[Start of Attachment]

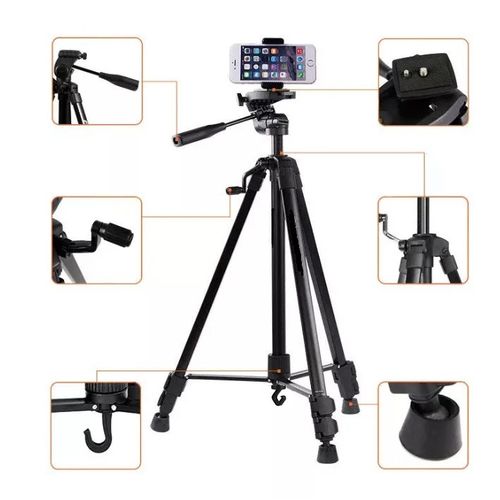 Trepied Tripod Tripied Pro 140cm  En Aluminium, 3 kg Max de Charge- Pour Selfie Video Telephone Camera Appareil photo
 Fiche Technique et Prix au Maroc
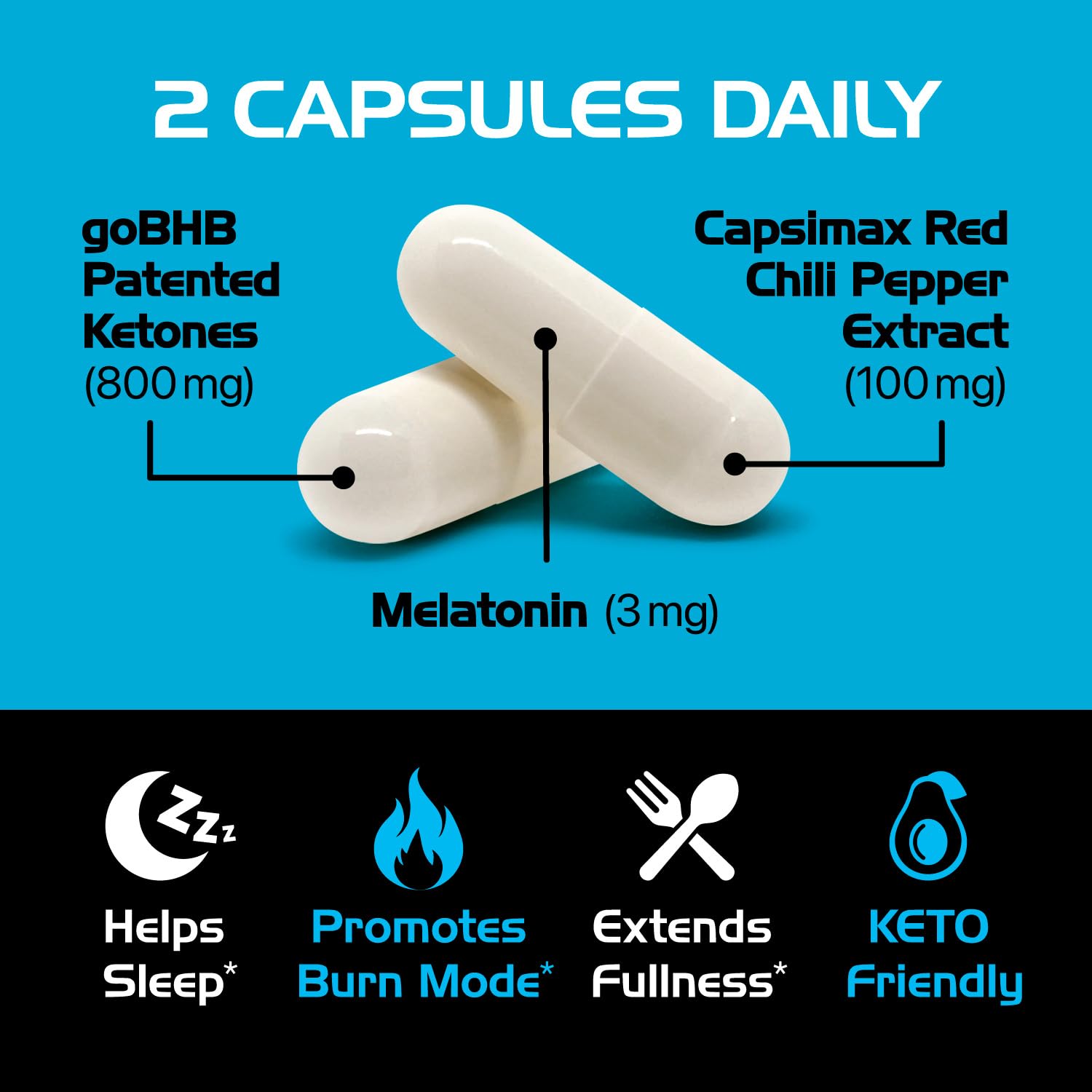Real Ketones Nighttime Keto BHB Capsules open bottle showing capsules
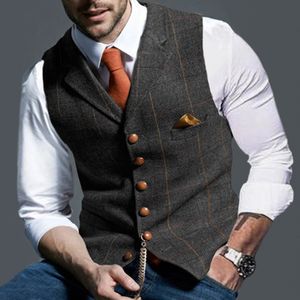 Herren Plaid Print Weste Mantel Revers Kragen Knopf-Reißverschluss Slim Fit Taschen Outwear Tops,Farbe: Dunkelgrau,Größe:XL
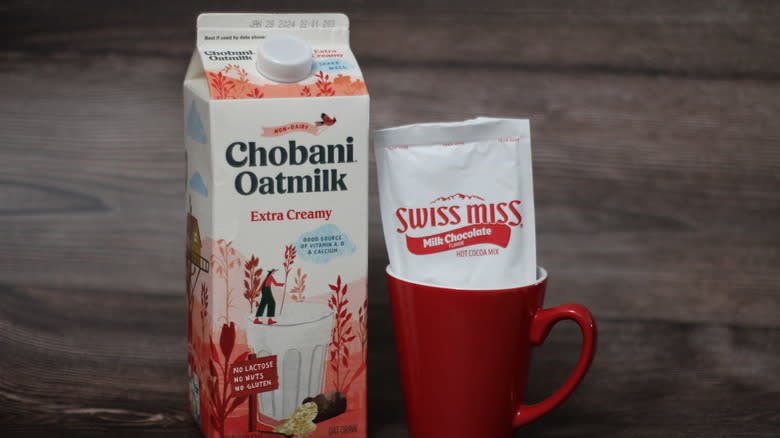 Oat milk with red mug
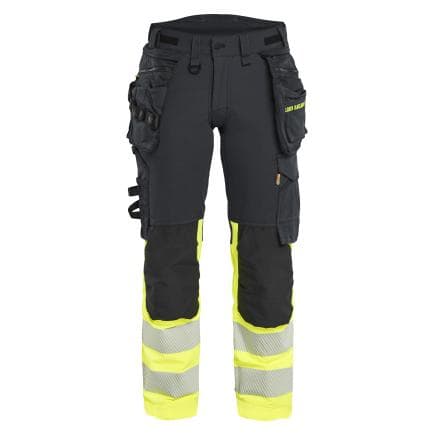 BLAKLADER 702516489933C38 - Pantalon Stretch 4D haute-visibilité femme Noir/Jaune fluo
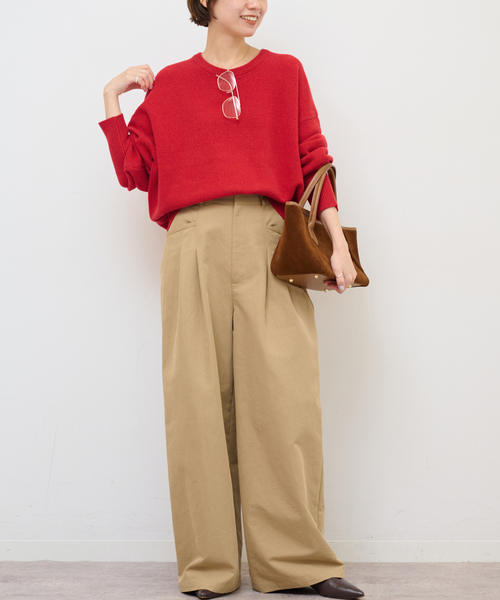 JOURNAL STANDARD relume（ジャーナルスタンダード　レリューム）の「《追加》ハミルトンウールクループルオーバー（ニット/セーター・レディース・グレー/チャコールグレー/レッド・FREE）」の21枚目の写真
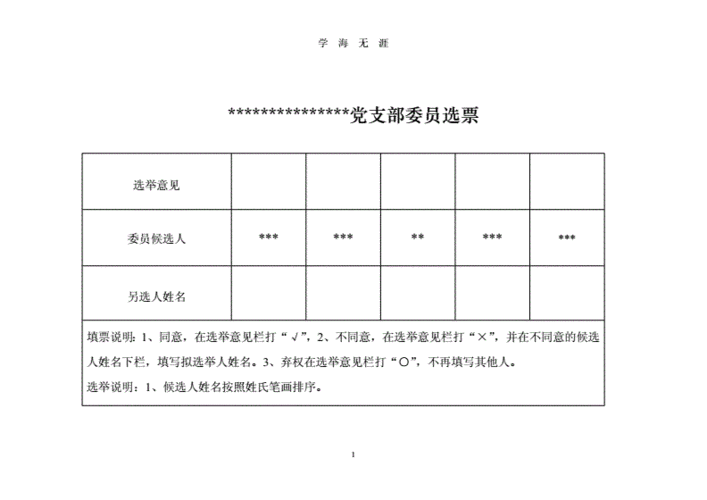 党支部换届选举选票样(一).doc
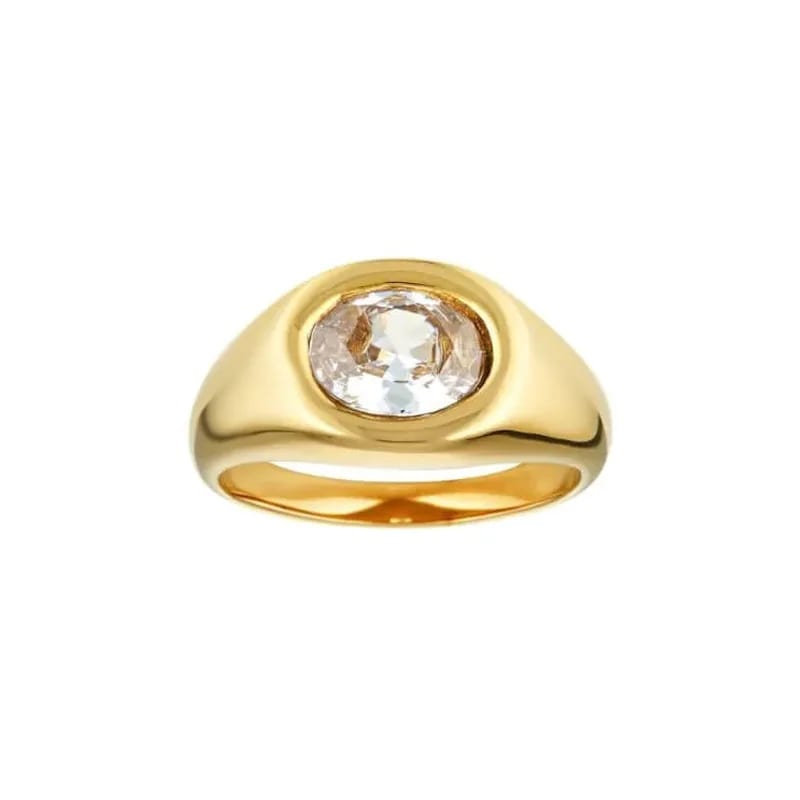 Fashion Dainty 18k Gold Plated 925 Sterling Silver Women Round Cz Signet Rings Jewelry Ring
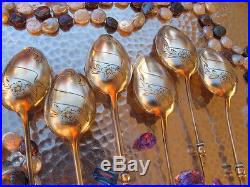 6 RUSSIAN SOLID SILVER 84 GOLD DESSERT SPOONS SET OLD BOX RARE CHINESE sterling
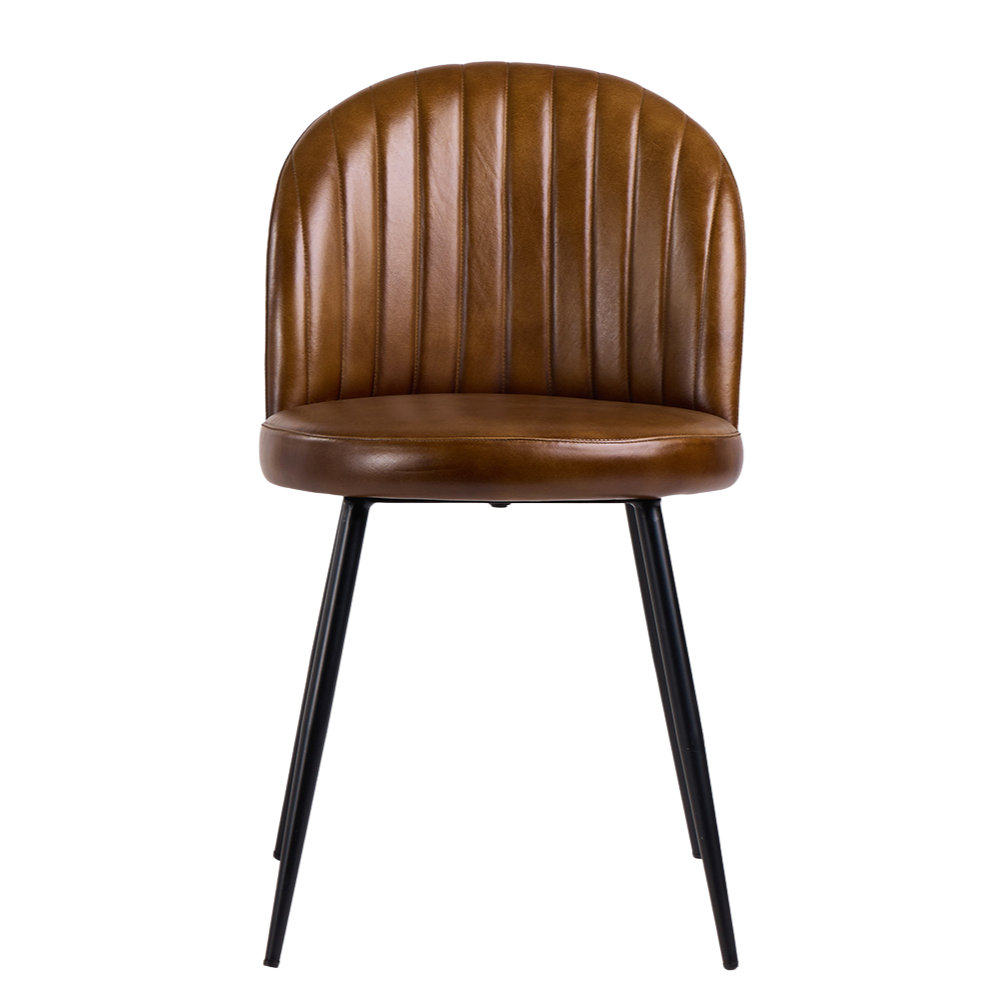 Ducie Dining Chair - Brown Leather Seat - Black Base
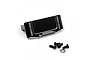 A black aluminium servo mount by Yeah Racing with silver accents and included mounting hardware on a white background.
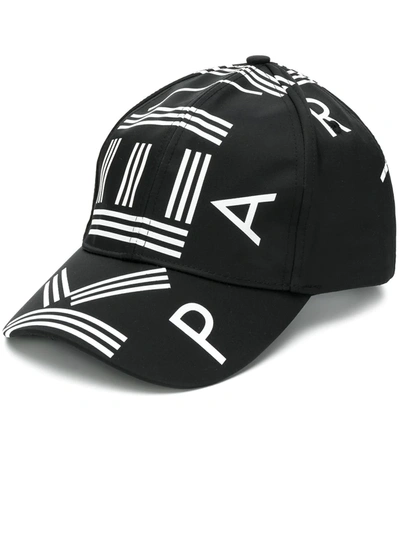 Kenzo Logo Printed Baseball Cap In Black,white
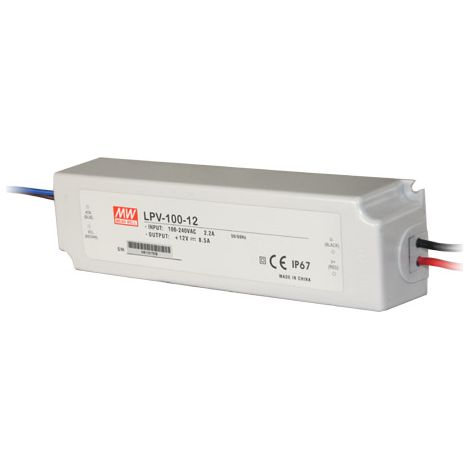 Transformateur LED 12VDC 60W IP67 Deco MeanWell LPV-60-12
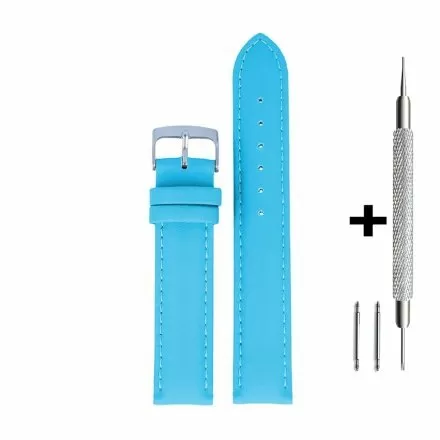 Niebieski pasek 14 mm skórzany DILOY 302.14.19 + GRATIS dwa teleskopy i narzędzie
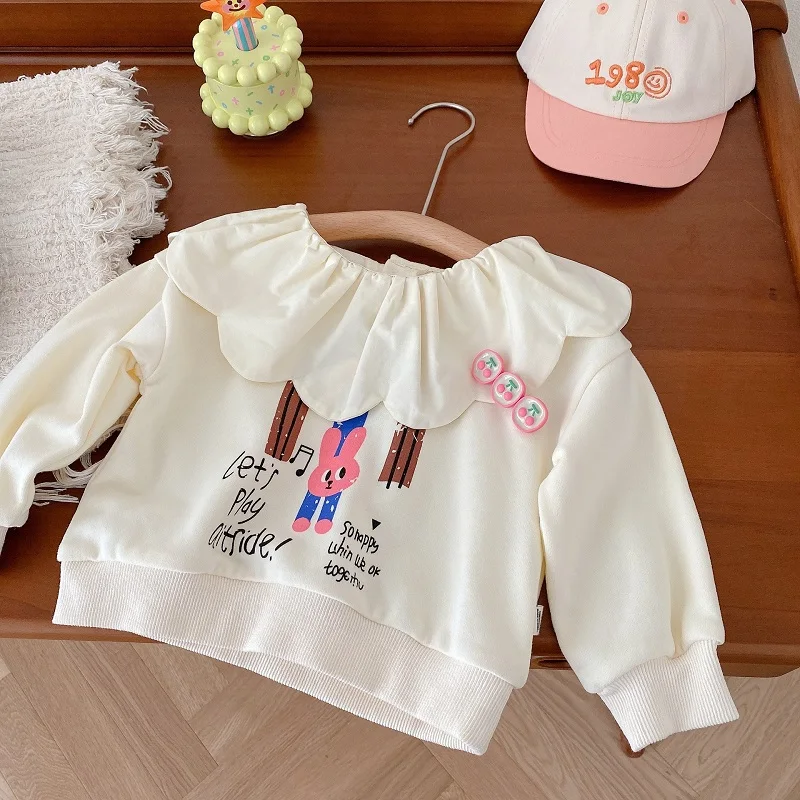 

Cute Kids Baby Girl Sweatshirt 0-6Years Children Long Sleeve Flower Collar Cartoon Bear Pullover Jumper Outfits Autumn Clothes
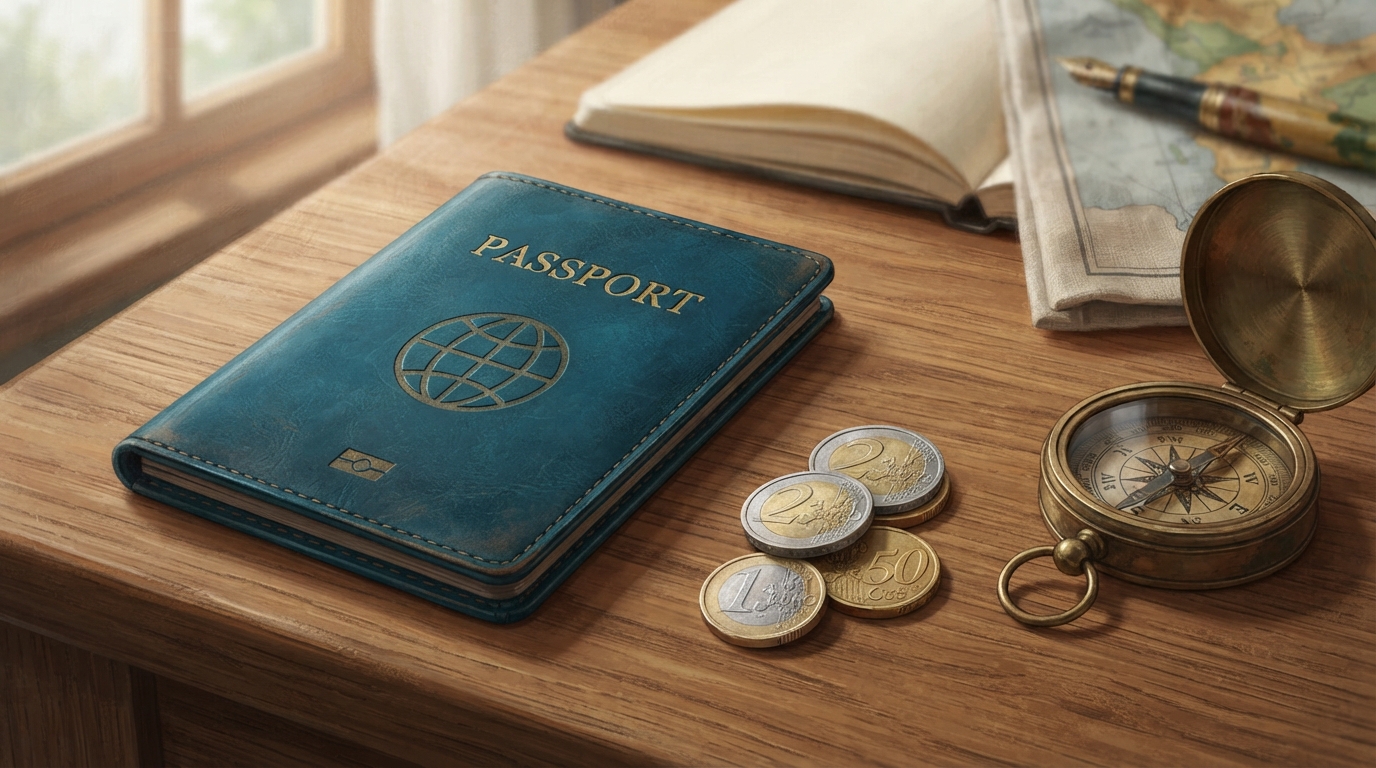 Editorial illustration of A closed leather passport cover resting on a wooden desk beside a small stack of euro coins and an antique brass compass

[End of Attachment]

## WHAT YOU SHOULD DO
In the records above, find the line with "A black aluminium" and copy from it through the last line exactly, without the pictures.

## RESULT BELOW
 A black aluminium servo mount by Yeah Racing with silver accents and included mounting hardware on a white background.
 Kenzo Logo Printed Baseball Cap In Black,white
 Transformateur LED 12VDC 60W IP67 Deco MeanWell LPV-60-12
 Niebieski pasek 14 mm skórzany DILOY 302.14.19 + GRATIS dwa teleskopy i narzędzie

Cute Kids Baby Girl Sweatshirt 0-6Years Children Long Sleeve Flower Collar Cartoon Bear Pullover Jumper Outfits Autumn Clothes
 Editorial illustration of A closed leather passport cover resting on a wooden desk beside a small stack of euro coins and an antique brass compass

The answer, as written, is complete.